Brawndo wrote on 2021-11-04, 04:12:
One of my recent thrift store pickups was a tower with an ASUS P4P800-E socket 478 motherboard and a 2.80 GHz Pentium 4 CPU. I have a few other P4 towers laying around not being used, as I never had a plan to build a P4 system for any retro reason. I never had a P4 system back in the day either as I was exclusively AMD until Intel released the Core2Duo chips, so I don't really have any experience with P4 systems. I'm just wondering if there's a good reason I should consider building a P4 system around this board for retro gaming purposes. I currently have 2 Windows XP systems already, one an AMD Tbird 1.4 GHz for early XP duty and the other a Core2Duo E6850 for late XP fun. I also have several Windows 98 era PCs so I'm not really lacking anything as far as period correct builds for gaming. Maybe the socket 478 P4 fills a niche I'm not aware of? I also have at least one socket 775 P4 system though I'm not using it either. If I can't find a good use for this board and CPU I'll just offload them.

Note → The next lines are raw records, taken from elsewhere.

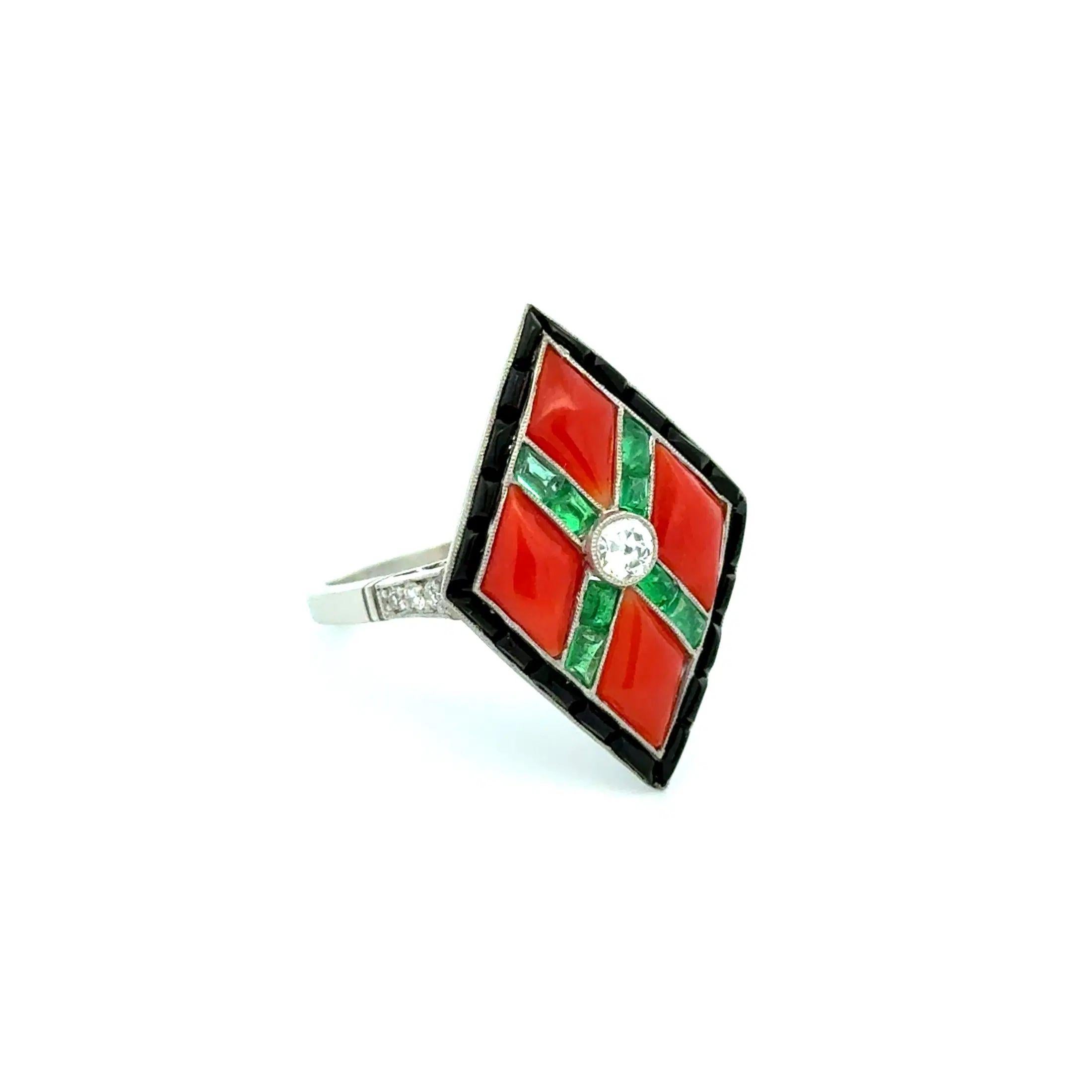 Einfach schön fein detaillierte Art Deco Revival Platin Cocktail Ring. Mit sicher eingebetteten 1,5 tcw Koralle, mit .54 tcw Smaragde eingelegt und zentriert ein Old European Cut Diamond. Umgeben von Onyx mit kleinen Diamanten, die den Schaft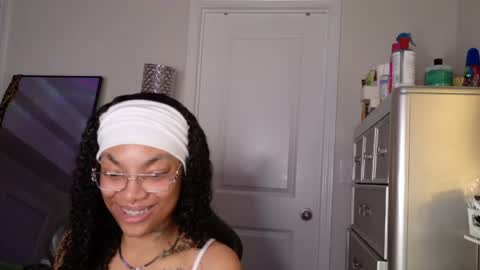 butterfly booty online show from 27, 4, 2026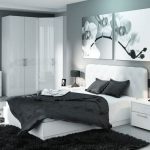 Chambre en noir et blanc avec une armoire d'angle.
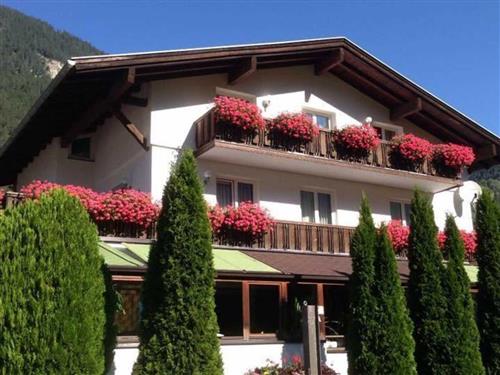 Ferielejlighed - 12 personer -  - Steinach - 6541 - Tösens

Early Pentium 4's were often slower or equal in performance to late Pentium 3 hardware that have more appeal to retro enthusiasts. Later Pentium 4 stuff w. PCIe was pretty soundly outclassed by C2Duo hardware that basically sells for scrap prices today, and are less likely to have capacitor problems. Everything in the middle was prime "capacitor plague" timeframe which makes them a lot messier to inspect, test and potentially refurbish... perhaps P4's will be popular down the road as their availability dwindles for all of these reasons, but they are hard to recommend for anything but a very specific high powered AGP retro build.
At Free Geek Twin Cities we have a very small retro volunteer staff and workspace, so we have to prioritize which old machines get upcycled vs scrapped. For the most part we don't consider anything post-AGP to be a "retro" system, and being at the tail end of what retro collectors are looking for that fits that criteria, P4 systems are not good sellers in our retail store (and usually sell for less than their raw scrap value). We tend to save nice examples of later "C" variant processor based systems, and early examples with RDRAM as a novelty... but a lot of these end up with capacitor issues so good/desirable examples are relatively few and far between.